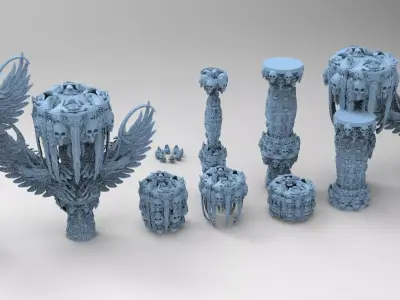 Secret cult scull gravity font sculpture collection 3D model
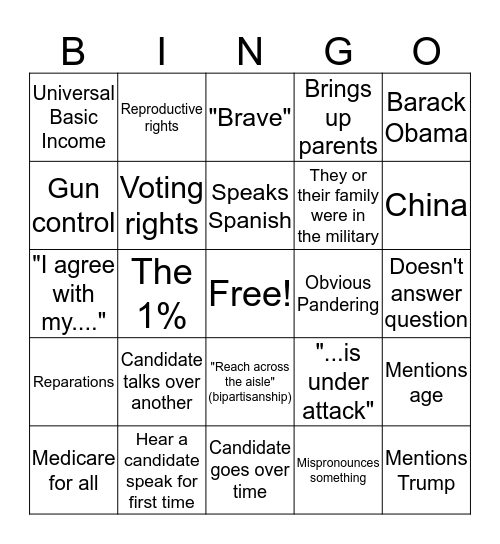 Dem Debate 2019 Bingo Card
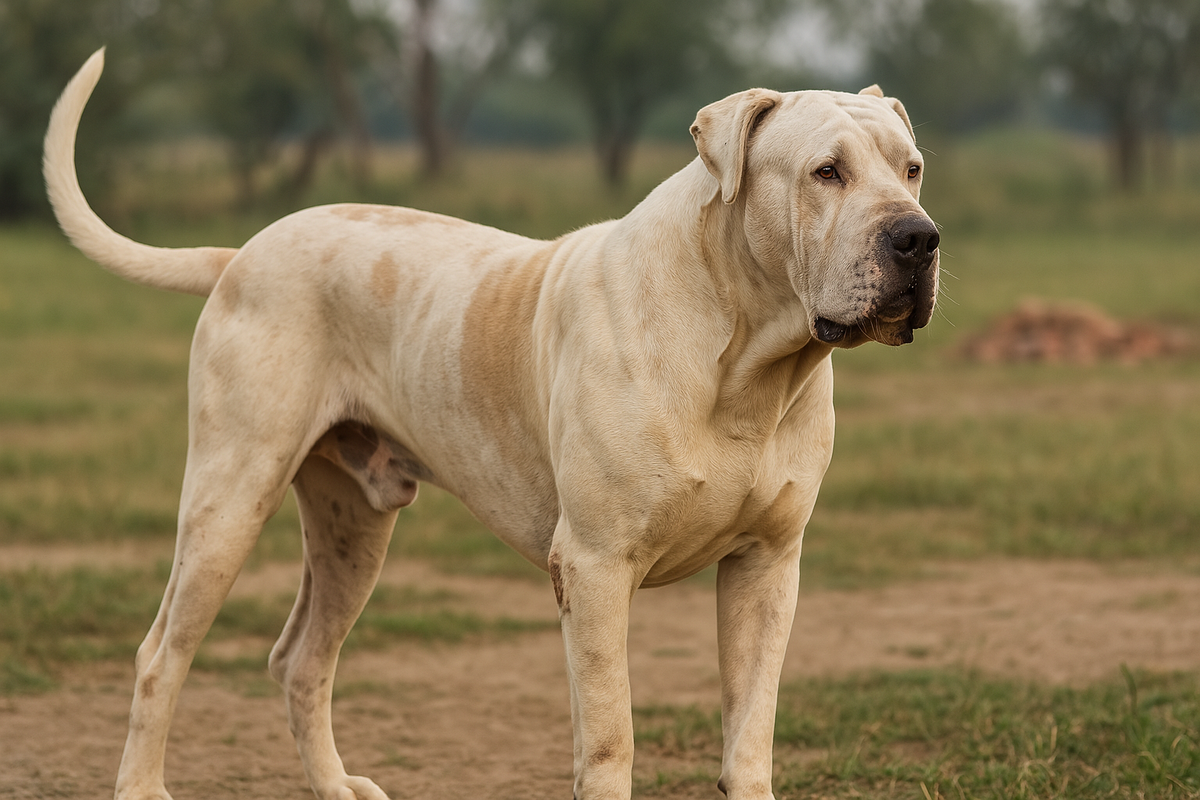 Powerful Bully Kutta standing in a field showcasing muscular build and alert posture.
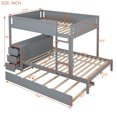 thumbnail image 2 of Harper & Bright Designs Full Over Full Bunk Bed with Trundle and Desk, Solid Wood Bunk Bed Frame with Storage Drawers and shelves for Bedroom, Gray, 2 of 17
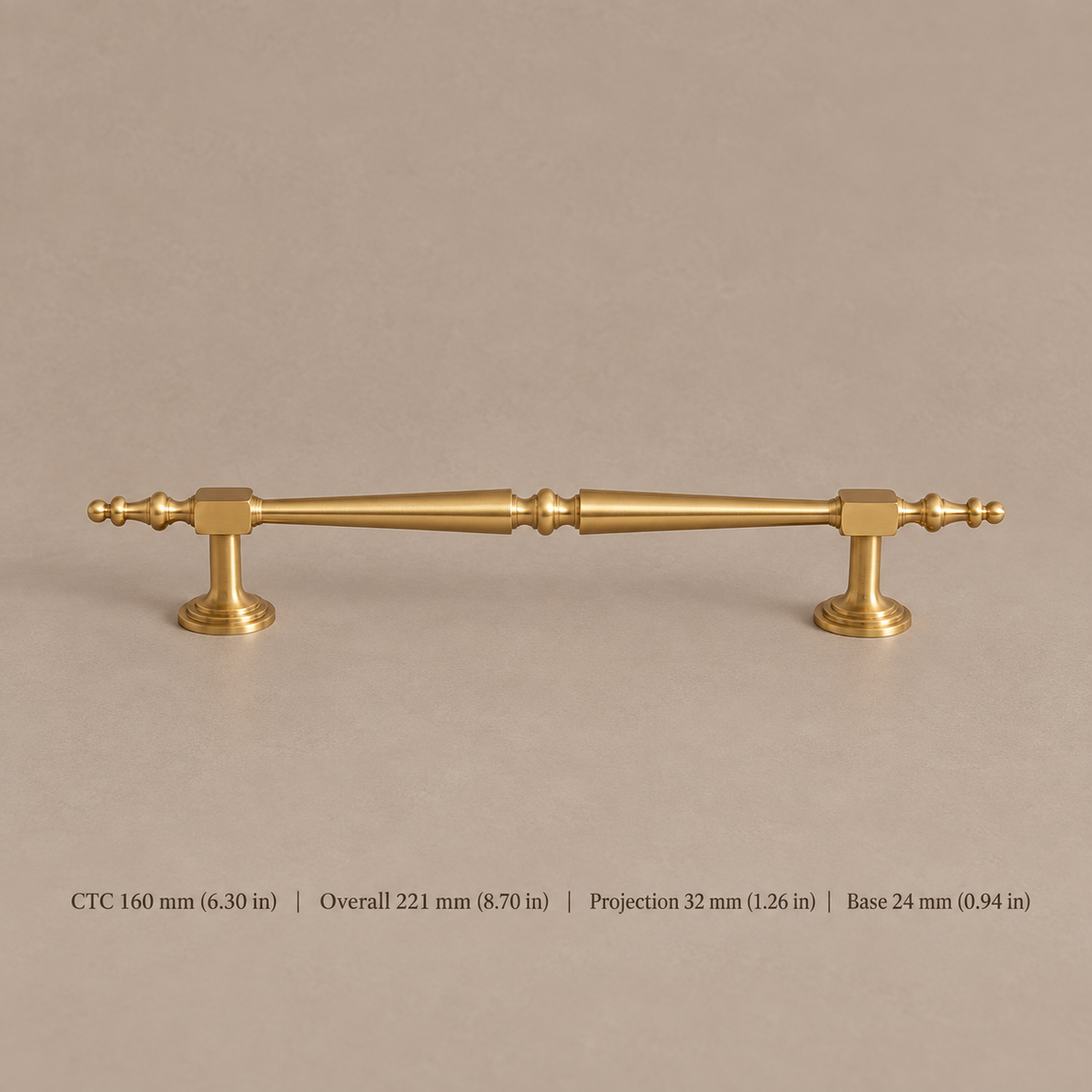 European Spindle Cabinet Pull & Knob — Brushed Brass — pull-160mm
*****
## Task directions:
Would you write out every record word for word, leaving no picture in?

## Written reply:
 Secret cult scull gravity font sculpture collection 3D model
 Dem Debate 2019 Bingo Card
 Powerful Bully Kutta standing in a field showcasing muscular build and alert posture.
 thumbnail image 2 of Harper & Bright Designs Full Over Full Bunk Bed with Trundle and Desk, Solid Wood Bunk Bed Frame with Storage Drawers and shelves for Bedroom, Gray, 2 of 17
 European Spindle Cabinet Pull & Knob — Brushed Brass — pull-160mm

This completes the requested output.